United Technologies Corp. offered yesterday to negotiate a merger with Bendix Corp. as a way of ending the tangled, three-cornered takeover war among United, Bendix and Martin Marietta Corp.

The surprising offer by United Technologies Chairman Harry Gray would amount to a negotiated surrender for Bendix instead of the unconditional surrender demanded earlier by United and its ally, Martin Marietta, the Bethesda-based aerospace firm.

United would pay $85 a share for a majority of Bendix's stock, raising the ante in the complex struggle, and would take control of the Michigan-based company, with the terms to be negotiated.

Bendix officials had no comment, but there was no indication it was willing to give up its attempt to take over Martin Marietta and resist the counter moves by its two opponents. However, there will be growing pressure on the companies to sidestep a confrontation before they begin buying each other's stock at a cost of billions of dollars in cash and additional debt--a move that could seriously weaken both losers and winners, according to sources close to the companies.

If Bendix declines yesterday's offer, United Technologies will press ahead with its attempt to take over Bendix through a $75-a-share tender offer to Bendix stockholders.

Martin Marietta, which responded to Bendix's original takeover attempt by making its own offer for Bendix, said yesterday that Bendix stockholders who have pledged their stock to Martin for $75 a share should not reclaim their stock. If Bendix merges with United Technologies, Martin said, "arrangements will be made" for Bendix shareholders who pledged stock to Martin to get the $85 price offered yesterday by United.

Martin has received pledges for about 63 percent of Bendix stock, but it apparently cannot count on obtaining an actual majority when its tender offer expires Sept. 22. The shares offered so far include the biggest single block of Bendix stock, 23 percent of all the shares, which was tendered by Citibank, trustee of the Bendix employes stock option plan, but Citibank said yesterday it would withdraw those shares before the deadline in response to instructions from Bendix management.

After yesterday's skirmishes in a conflict that has stunned and fascinated the financial world, the position of the combatants was this:

Bendix's offer to purchase Martin Marietta for $48 a share remained in effect. About 58 percent of Martin's shares have been tendered to Bendix in response to the offer, and Bendix can begin buying them Friday morning.

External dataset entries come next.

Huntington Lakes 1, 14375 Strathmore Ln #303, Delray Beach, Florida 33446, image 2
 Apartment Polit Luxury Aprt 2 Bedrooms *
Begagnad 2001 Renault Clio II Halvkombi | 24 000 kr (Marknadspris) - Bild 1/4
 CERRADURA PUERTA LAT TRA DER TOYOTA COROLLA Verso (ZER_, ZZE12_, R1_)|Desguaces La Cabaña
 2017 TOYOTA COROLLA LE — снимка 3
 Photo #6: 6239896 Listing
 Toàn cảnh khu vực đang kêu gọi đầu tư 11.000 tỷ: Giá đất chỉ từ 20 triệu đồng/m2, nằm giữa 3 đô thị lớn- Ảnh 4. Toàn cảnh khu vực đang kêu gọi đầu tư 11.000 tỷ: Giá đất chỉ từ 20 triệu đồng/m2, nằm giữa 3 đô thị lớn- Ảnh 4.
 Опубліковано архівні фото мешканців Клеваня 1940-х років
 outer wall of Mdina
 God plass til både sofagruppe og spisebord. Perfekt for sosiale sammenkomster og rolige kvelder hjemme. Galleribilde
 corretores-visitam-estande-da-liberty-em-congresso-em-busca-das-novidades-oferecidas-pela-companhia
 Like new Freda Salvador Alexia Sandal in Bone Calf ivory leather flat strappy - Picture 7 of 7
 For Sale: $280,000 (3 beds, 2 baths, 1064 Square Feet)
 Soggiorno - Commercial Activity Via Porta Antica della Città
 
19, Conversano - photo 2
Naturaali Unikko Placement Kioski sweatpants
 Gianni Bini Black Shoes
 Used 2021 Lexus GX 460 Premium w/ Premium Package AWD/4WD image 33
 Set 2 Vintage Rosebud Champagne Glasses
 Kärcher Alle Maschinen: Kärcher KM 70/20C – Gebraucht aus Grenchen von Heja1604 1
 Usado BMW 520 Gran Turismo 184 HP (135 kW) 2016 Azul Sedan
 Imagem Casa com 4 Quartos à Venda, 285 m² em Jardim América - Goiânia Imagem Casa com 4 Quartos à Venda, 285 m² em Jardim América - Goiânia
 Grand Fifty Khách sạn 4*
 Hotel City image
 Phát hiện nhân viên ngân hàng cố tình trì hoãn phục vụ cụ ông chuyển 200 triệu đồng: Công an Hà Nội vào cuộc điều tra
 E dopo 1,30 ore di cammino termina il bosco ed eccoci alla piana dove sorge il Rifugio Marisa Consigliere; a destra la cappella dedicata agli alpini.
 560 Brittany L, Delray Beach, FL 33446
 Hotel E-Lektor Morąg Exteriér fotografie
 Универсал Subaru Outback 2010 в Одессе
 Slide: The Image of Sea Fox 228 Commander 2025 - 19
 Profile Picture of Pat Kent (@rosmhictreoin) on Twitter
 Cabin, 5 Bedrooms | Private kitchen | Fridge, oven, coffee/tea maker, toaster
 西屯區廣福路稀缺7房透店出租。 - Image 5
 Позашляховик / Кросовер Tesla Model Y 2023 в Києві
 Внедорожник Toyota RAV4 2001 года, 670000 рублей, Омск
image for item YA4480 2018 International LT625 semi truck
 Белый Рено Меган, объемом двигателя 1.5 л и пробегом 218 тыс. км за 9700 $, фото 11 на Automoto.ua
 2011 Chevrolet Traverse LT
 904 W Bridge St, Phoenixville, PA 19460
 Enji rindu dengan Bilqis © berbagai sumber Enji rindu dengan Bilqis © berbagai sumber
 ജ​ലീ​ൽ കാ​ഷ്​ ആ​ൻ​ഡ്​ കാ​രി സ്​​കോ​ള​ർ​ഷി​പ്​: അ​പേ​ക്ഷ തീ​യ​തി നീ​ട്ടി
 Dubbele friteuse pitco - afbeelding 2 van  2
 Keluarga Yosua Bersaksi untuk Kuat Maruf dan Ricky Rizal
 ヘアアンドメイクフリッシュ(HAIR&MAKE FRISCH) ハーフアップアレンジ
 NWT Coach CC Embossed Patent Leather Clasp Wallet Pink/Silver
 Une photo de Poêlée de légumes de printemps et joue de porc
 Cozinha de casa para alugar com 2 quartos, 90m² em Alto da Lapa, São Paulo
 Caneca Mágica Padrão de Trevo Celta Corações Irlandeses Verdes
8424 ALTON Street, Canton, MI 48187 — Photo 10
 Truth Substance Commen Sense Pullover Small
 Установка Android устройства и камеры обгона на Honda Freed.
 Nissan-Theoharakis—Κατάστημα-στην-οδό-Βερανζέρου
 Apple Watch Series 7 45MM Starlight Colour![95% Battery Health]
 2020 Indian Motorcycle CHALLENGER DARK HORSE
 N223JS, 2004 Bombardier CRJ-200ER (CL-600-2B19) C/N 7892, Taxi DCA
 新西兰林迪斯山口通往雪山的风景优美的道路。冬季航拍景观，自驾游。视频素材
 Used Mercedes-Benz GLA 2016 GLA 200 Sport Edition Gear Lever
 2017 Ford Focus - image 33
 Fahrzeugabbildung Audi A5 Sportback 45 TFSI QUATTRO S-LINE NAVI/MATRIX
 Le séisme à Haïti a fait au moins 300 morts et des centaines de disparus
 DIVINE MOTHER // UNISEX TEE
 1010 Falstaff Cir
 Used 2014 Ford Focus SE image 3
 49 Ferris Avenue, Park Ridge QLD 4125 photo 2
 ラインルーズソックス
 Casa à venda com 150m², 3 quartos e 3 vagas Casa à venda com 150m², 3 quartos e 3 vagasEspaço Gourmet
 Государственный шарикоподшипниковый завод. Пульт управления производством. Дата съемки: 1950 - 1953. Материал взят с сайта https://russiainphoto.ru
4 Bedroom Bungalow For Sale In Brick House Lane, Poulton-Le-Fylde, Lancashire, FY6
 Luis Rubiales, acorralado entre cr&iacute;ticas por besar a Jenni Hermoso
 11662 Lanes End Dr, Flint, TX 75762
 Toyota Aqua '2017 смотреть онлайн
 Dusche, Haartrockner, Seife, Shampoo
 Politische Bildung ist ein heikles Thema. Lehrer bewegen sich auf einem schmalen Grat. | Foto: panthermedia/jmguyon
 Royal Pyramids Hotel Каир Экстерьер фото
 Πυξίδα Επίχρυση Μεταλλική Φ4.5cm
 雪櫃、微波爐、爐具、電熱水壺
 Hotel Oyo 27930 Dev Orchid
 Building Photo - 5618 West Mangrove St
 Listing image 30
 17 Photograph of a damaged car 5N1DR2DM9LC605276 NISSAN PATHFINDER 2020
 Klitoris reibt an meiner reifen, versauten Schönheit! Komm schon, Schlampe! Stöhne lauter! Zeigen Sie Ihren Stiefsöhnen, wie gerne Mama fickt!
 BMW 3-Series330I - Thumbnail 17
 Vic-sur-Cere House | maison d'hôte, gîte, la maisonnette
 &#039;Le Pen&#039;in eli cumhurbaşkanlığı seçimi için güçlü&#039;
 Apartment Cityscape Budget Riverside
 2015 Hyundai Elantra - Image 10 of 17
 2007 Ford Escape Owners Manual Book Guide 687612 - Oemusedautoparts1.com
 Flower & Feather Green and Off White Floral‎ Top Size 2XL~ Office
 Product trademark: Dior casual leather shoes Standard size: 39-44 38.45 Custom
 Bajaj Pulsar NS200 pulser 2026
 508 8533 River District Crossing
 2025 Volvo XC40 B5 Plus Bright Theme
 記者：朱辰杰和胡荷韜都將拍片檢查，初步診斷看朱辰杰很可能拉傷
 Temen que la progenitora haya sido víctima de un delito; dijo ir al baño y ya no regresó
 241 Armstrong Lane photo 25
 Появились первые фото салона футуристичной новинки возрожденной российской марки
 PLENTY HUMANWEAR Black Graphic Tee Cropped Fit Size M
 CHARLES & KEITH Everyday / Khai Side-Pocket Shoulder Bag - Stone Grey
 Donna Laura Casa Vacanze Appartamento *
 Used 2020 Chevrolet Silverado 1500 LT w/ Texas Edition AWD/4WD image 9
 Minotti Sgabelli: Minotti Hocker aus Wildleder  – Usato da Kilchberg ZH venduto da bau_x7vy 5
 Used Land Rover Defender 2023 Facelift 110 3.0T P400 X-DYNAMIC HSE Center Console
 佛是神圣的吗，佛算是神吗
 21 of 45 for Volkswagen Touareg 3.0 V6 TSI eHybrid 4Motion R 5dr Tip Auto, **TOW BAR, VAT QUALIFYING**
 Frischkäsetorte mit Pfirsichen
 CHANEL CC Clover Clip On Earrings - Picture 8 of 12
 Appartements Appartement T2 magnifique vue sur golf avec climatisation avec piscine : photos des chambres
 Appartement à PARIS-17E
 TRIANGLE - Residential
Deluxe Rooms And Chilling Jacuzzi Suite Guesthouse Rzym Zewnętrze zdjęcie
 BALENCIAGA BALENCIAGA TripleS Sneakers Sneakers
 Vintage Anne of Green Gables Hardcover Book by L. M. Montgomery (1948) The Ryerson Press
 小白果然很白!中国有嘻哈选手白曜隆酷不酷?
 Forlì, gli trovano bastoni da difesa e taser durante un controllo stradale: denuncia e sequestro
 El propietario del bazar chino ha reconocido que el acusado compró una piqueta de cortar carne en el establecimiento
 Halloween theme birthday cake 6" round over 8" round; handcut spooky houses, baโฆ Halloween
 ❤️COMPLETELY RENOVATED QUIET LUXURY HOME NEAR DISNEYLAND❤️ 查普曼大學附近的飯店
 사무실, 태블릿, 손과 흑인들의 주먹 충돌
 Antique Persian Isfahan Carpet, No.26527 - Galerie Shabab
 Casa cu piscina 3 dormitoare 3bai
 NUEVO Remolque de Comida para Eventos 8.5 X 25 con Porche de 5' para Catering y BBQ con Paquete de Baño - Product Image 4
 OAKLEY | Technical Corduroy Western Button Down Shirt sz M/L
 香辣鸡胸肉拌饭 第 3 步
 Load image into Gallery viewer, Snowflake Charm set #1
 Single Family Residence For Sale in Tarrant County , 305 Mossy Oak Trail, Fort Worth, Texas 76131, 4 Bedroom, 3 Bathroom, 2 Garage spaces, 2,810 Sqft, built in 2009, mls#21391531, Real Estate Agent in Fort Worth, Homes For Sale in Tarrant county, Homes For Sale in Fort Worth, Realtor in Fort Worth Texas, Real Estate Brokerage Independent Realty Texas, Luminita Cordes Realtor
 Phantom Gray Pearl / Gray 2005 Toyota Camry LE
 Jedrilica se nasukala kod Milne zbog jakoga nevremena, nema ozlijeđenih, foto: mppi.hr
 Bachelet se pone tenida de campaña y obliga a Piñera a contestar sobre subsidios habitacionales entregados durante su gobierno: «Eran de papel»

Martin Marietta stock closed at $35.50 per share in yesterday's New York Stock Exchange trading, unchanged from Tuesday.

Martin Marietta's counterattack against Bendix, an offer to buy 11.9 million Bendix shares for $75 a share, also remained in place.

Martin can begin buying stock under that offer on Sept. 23, and could succeed in taking over Bendix before being taken over itself because of differences in the laws of the states where the two are incorporated.

Without the shares controlled by Citibank, however, Martin would not have a majority of Bendix.

Martin sued Citibank and Bendix in federal court in New York yesterday seeking to prevent Citibank from withdrawing the shares. Bendix stock closed at $59.50 yesterday, up $2.25.

United Technologies left its own $75-a-share offer for Bendix on the books, and increased the pressure on the Bendix management with its merger proposal.

That proposal was made with Martin Marietta's knowledge and approval, according to sources close to the company, and the agreement between United and Martin to carve up Bendix between them if either succeeds in its tender offer remains in effect, they said.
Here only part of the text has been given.